Non solo allarmismo!
Non si tratta di “allarmismo” bensì di una semplice constatazione; dobbiamo tenere sempre presente che le specie pelagiche (ovvero quei pesci che abitano l’alto mare e che si riproducono lontano dalle coste, predoni per vocazione) in qualche modo se la cavano. Ma le specie che hanno bisogno di un substrato su cui deporre le uova (tane o rifugi) richiedono una pausa nella continua, inesorabile predazione umana. Un attimo di “respiro” necessario a concedere l’opportunità di riprodursi; un po’ come delle galline, a cui se continuamente rimuovete il nido sarà difficile che depositino le uova per poi far nascere pulcini etc.
Concetti banali, assodati per il nostro mondo terrestre ma sembra impossibili da applicare in mare!

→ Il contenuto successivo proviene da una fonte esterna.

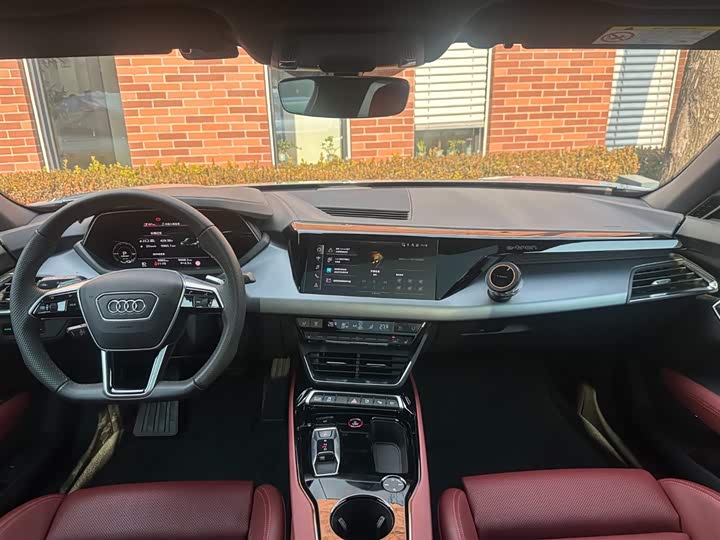 Фото 10 - Audi e-tron GT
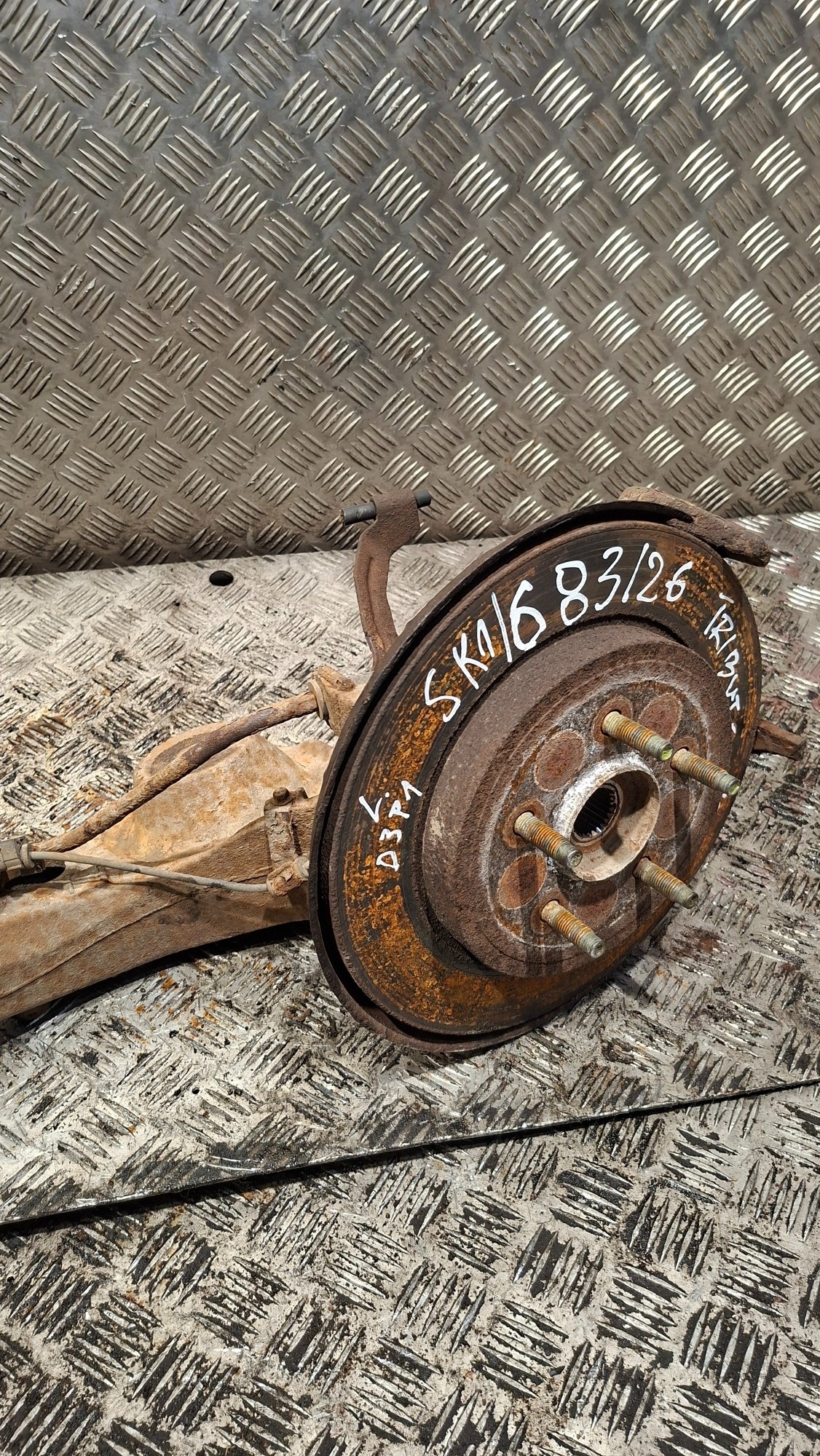 arm swing left rear part MAZDA TRIBUTE 2.3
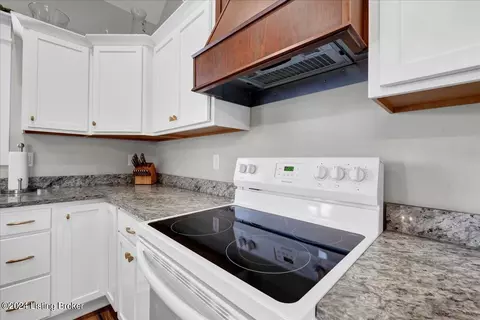 915 Stringer Ln, Mount Washington, KY 40047 photo 18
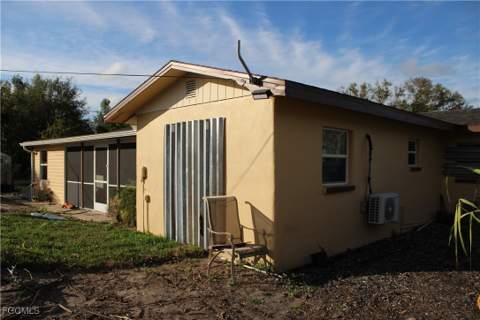 679 Canal Dr, North Fort Myers FL - photo 8 of 35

Il pesce selvaggio è in via di estinzione, lo affermano tutti gli esperti con grande cognizione di causa. Vogliamo prenderne atto ed agire di conseguenza, in maniera responsabile, oppure ci accontentiamo di avere a disposizione una sterile “grande piscina di acqua salata” su cui scorrazzare con le nostre imbarcazioni, lieti di cenare alla sera con uno strano “surrogato” - purché pesce sia - di provenienza oscura?!